Upper Urinary Tract Urothelial Cell Carcinoma

3. EPIDEMIOLOGY AETIOLOGY AND PATHOLOGY

3.1. Epidemiology

Urothelial carcinoma (UC) is the second most common urological malignancy in developed countries [7]. They can be localised in the lower (bladder and urethra) and/or the upper (pyelocaliceal cavities and ureter) urinary tract. Bladder cancer (BC) accounts for 90–95% of UCs whilst upper tract urothelial carcinomas (UTUC) account for only 5–10% of UCs with an estimated annual incidence in Western countries of almost two cases per 100,000 inhabitants [1]. This rate has risen in the past few decades likely as a result of improved detection and the aging population [8,9].

The peak incidence is in individuals aged 70–90 years and UTUC is twice as common in men [10]. A retrospective international registry including data from 2,380 patients diagnosed between 2014 and 2019 (101 centres from 29 countries) confirmed that UTUC patients were predominantly male (70.5%) and 53.3% were past or present smokers. The majority of patients (53%) were diagnosed after they presented with symptoms, mainly visible haematuria [11]. This was confirmed by a meta-analysis pooling 44 studies that showed a pooled UTUC incidence rate of 0.75% in patients with visible haematuria and 0.17% for those with non-visible haematuria [12]. In addition, approximately two-thirds of patients who present with UTUCs have muscle-invasive disease at diagnosis compared to 15–25% of patients diagnosed with de novo BC [13]. The higher incidence of muscle-invasive disease in UTUC vs. BC has been confirmed in population-based studies from Germany and England suggesting that muscle-invasive UTUC represents approximately half of incident cases in recent years [14,15]. Approximately 9% of patients present with metastasis [8,16-18].

Pyelocaliceal tumours are approximately twice as common as ureteral tumours and multifocal tumours are found in approximately 10–20% of cases [19]. The presence of concomitant carcinoma in situ of the upper tract is between 11% and 36% [8]. In 17% of cases, concurrent BC is present [20] whilst a prior history of BC is found in 41% of American men but in only 4% of Chinese men [21]. This, along with genetic and epigenetic factors, may explain why Asian patients present with more advanced and higher-grade disease compared to other ethnic groups [8].

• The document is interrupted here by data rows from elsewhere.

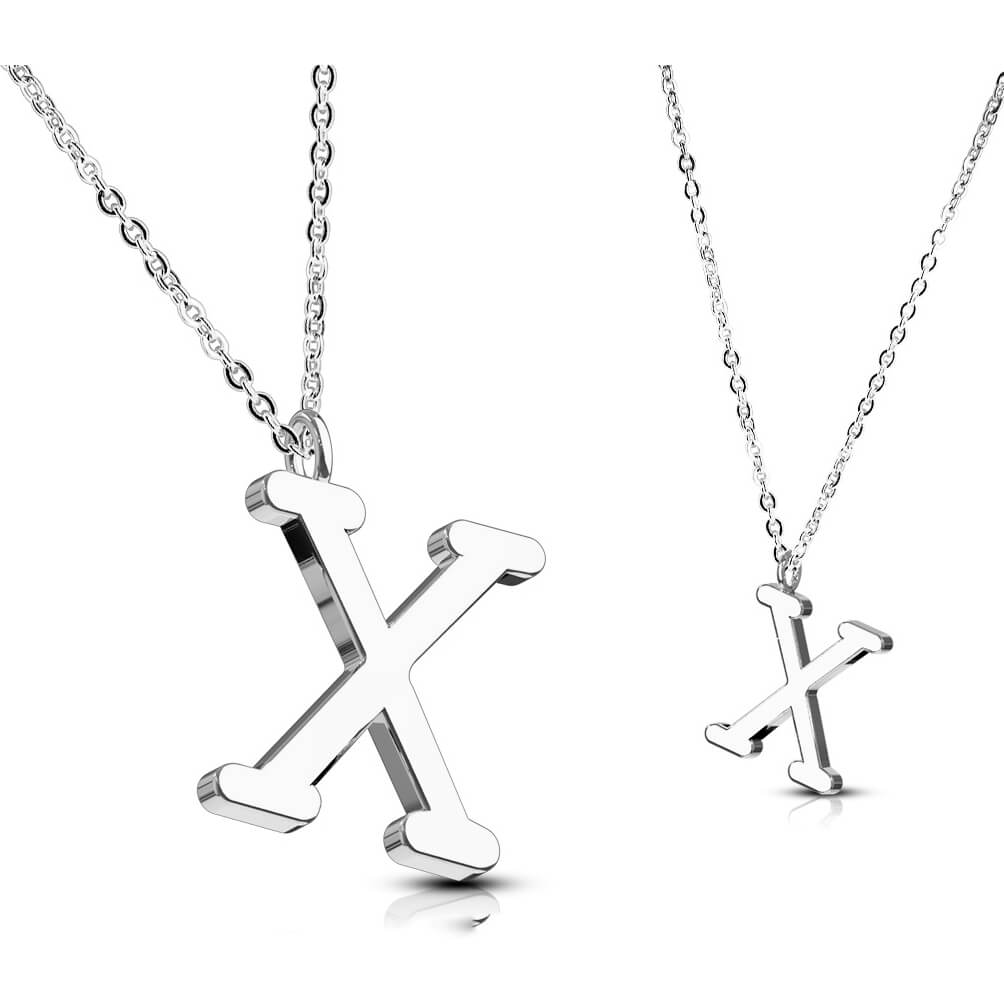 Collier Lettres A-Z Argent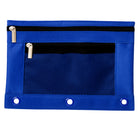 Pep Rally 3 Ring Mesh Pouch - Blue-Durable 600D polyester with TPE coating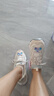 斯凱奇（Skechers）七夕禮物奶茶熊女鞋夏季老爹鞋軟底透氣熊貓鞋休閑運動鞋149238 曬單實拍圖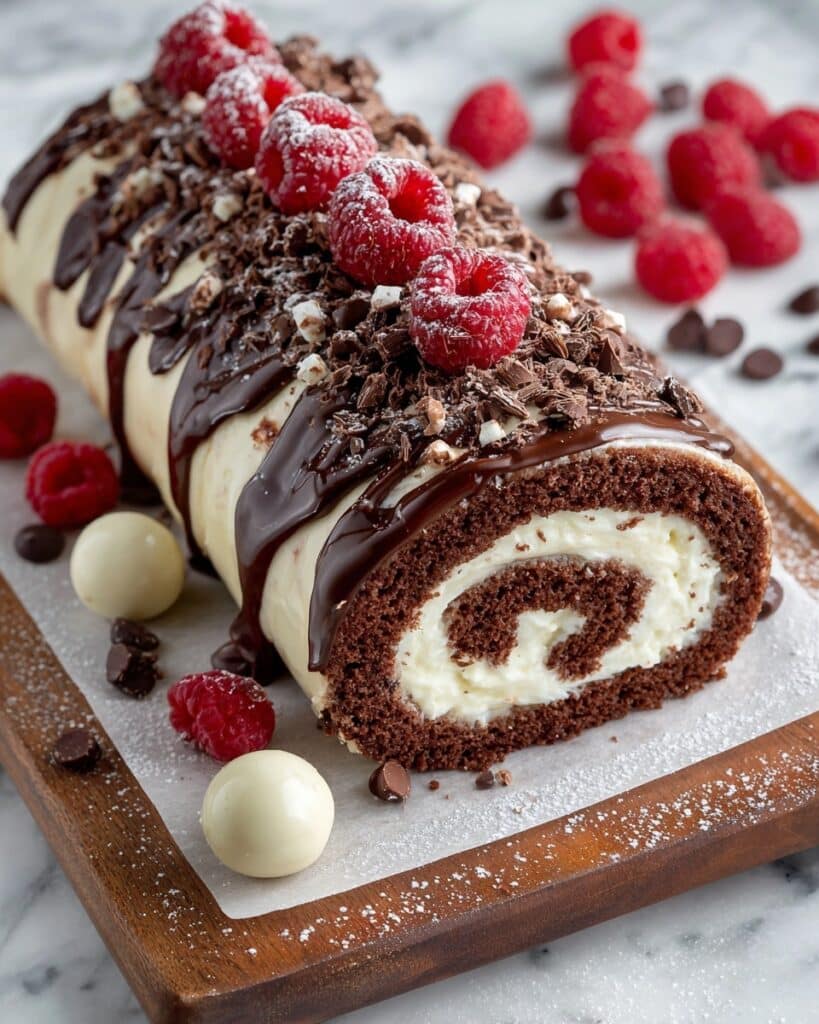 Choco Swiss Roll Delight Recipe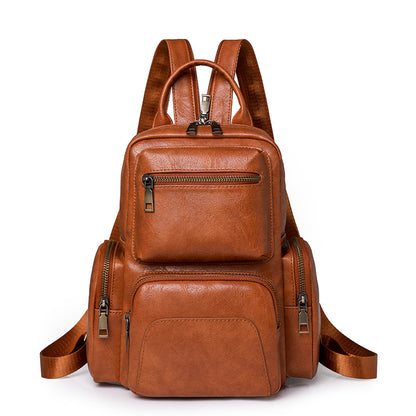 Retro PU small backpack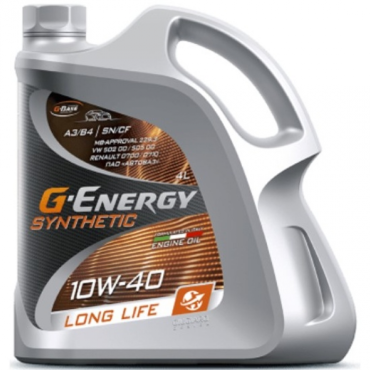 Масло G-Energy Synthetic Long Life 10W-40 (4л) (МЗСМ) 26780 562098017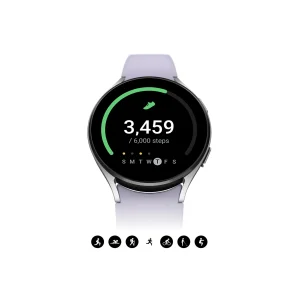 ساعت هوشمند 40 میلی‎متری سامسونگ مدل Galaxy Watch 5 با بند سیلیکونی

Following treatment, recurrence in the bladder occurs in 29% of UTUC patients, depending on patient-, tumour- and treatment-specific characteristics [22] compared to a 2–5% recurrence rate in the contralateral upper tract [23]. 

Upper tract UC and BC exhibit significant differences in the prevalence of common genomic alterations. In individual patients with a history of both tumours, BC and UTUC are often clonally related. Genomic characterisation of UTUC provides information regarding the risk of bladder recurrence and can identify tumours associated with Lynch syndrome [24].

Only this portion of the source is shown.